All’interno di tale processo, la Cassazione è stata chiamata a pronunciarsi sul caso di un imprenditore titolare di una ditta individuale condannato, tra le altre cose, per il delitto di omessa presentazione annuale della dichiarazione dei redditi. Secondo gli accertatori l’imposta evasa sarebbe stata superiore ad euro 77.500 quindi superiore al limite di 50.000 previsto dalla legge per configurare il reato di omessa dichiarazione.

Il contribuente, non convinto della ricostruzione effettuata dagli accertatori, basata esclusivamente sull’elenco clienti-fornitori, aveva da ultimo proposto ricorso in Cassazione.

In particolare, il motivo di ricorso ha riguardato il criterio di calcolo dell’imposta evasa adoperato, il quale si basava unicamente sul confronto tra le fatture emesse e le fatture ricevute dai fornitori. Al contrario, non erano state prese in considerazione le operazioni passive che avrebbero abbattuto il reddito imponibile in quanto realizzate verso soggetti che in verità non erano fornitori per le quali non erano state emesse regolari fatture. Inoltre, non erano stati considerati neppure altri elementi passivi quali i contributi previdenziali, gli ammortamenti mobiliari ed immobiliari, gli interessi passivi.

Sicché la valutazione effettuata per la ricostruzione del suo reddito era parziale e non completa in quanto basata unicamente sui dati contabili derivanti dal sistema cosiddetto CLIFO.

Il giudizio della Cassazione

Analizzato i motivi la Cassazione ha accolto il ricorso del contribuente. In particolare, a parere dei giudici di legittimità, la condanna dell’imprenditore si era basata unicamente su una verifica basata su un controllo incrociato di dati contabili in riferimento alla quale non era stata neanche effettuata alcuna descrizione dettagliata.

La condanna di evasione fiscale derivante dall’omessa presentazione della dichiarazione dei redditi, in sostanza, si era basata sugli elementi desunti dal CLIFO (elenco clienti e fornitori) in relazione ai quali non era stata fornita una motivazione approfondita e completa.

L’evasione fiscale non potrebbe quindi fondarsi solo sul controllo incrociato dei dati contabili contenuto in tale elenco ma dovrebbe prendere in considerazione anche gli elementi passivi.

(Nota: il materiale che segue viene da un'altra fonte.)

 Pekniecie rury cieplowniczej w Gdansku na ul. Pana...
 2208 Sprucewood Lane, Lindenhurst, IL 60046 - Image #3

Insomma, per i giudici di Cassazione il sistema CLIFO al tempo presente nell’anagrafe tributaria in cui erano presenti i dati relativi ad acquisti e vendite di un imprenditore non poteva essere sufficiente a dimostrare l’evasione di imposta nel reato di omessa dichiarazione né a ricostruire realmente il suo reale volume d’affari. Servivano ulteriori prove per dimostrare l’evasione da parte del contribuente.